「マズローの欲求5段階説」をご存知ですか?
その名の通り、アメリカの心理学者・マズローが提唱した、「人間の欲求は5段階に分かれている」というビジネスセミナーや自己啓発本でよく見かける、あの5段のピラミッドのことです。
マズローの欲求5段階説とは?
5段階のそれぞれを簡単に解説すると、下から
Physiological(生理的欲求)・・・食べたい、飲みたい、寝たいなどの生きていくための基本的・本能的欲求。
Safety(安全欲求)・・・雨風をしのいだり健康を維持したいという、安全・安心な生活を求める欲求。生理的欲求と合わせて基本的な欲求。
Love/belonging(帰属・社会的欲求)・・・会社・家族・友達など、集団へ所属したい、仲間が欲しいという他者を意識した欲求。
Esteem(承認・尊厳欲求)・・・他者から認められたい、尊敬されたいという欲求。
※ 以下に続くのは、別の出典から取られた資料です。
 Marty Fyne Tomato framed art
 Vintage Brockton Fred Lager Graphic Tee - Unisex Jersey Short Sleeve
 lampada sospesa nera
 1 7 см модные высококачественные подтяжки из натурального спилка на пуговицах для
これも他者を意識した欲求であるので、帰属・社会的欲求が前提。
Self-actualization(自己実現欲求)・・・自分の力で自分の思う人生を創造したい、自分の能力や魅力を最大限に発揮したいという欲求。
となります。
現代では、SNSでの「いいね!」の数を意図的に集めたり、自己アピールが過剰な人に対して「自己顕示欲が強い」「承認欲求が強い」などと揶揄したりしますが、仕事というものはある意味では承認欲求で成り立っている場といえます。
- 認めてもらえなければ商品は売れない。
- 認めてもらえなければ就職先は決まらない。
- このプロジェクトを成功させて、自分の力を認めてもらいたい。
- 尊敬される先輩・上司でいたい。
- 「仕事がデキる人」として認められて、尊敬されたい。
もちろん、承認欲求は仕事のモチベーションに繋がります。
だけど、なぜか上手くいかない…。頑張っているけれど、いつも何かモヤモヤしている…。
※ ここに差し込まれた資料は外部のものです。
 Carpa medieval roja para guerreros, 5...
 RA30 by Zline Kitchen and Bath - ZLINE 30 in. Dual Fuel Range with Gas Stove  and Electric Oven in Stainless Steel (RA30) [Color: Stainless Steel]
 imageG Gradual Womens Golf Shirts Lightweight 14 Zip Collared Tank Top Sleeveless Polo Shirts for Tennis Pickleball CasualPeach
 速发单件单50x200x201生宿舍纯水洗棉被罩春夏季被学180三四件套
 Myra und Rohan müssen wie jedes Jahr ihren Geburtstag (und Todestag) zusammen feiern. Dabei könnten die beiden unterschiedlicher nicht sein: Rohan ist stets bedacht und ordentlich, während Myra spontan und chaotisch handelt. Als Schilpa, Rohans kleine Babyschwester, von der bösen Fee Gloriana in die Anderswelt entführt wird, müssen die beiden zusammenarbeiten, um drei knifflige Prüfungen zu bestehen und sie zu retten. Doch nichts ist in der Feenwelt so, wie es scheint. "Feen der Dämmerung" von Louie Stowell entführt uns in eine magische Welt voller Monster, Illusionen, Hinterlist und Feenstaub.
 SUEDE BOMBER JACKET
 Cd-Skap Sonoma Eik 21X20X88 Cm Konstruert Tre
そんな方は、まずは一度、自分の欲求から離れてみませんか?
承認欲求を満たすためのビジネスマナー
仕事の場で「自分はこの人から認められている」と感じる場面は、「きちんとした人と接しているとき」です。
「きちんとした人」というのは身だしなみが整っていて、正しい敬語が使える、そして振る舞いに品がある人、要するに『マナーが身に付いている人』です。
「えええっ…そんな簡単なことで『認められている』と感じるなんて…!」と思われたことでしょう。
でも、例えばオフィスにやって来た営業マンが、清潔感もなく言葉遣いもなっていない、失礼な態度ばかりの人だったら「ウチもナメられたもんだな…」と思いますよね。
それは「ナメられた」→「ビジネス相手として見られなかった」→「ビジネス相手として認められなかった」=「こちらの承認欲求が満たされなかった」という意識の流れになってしまうのです。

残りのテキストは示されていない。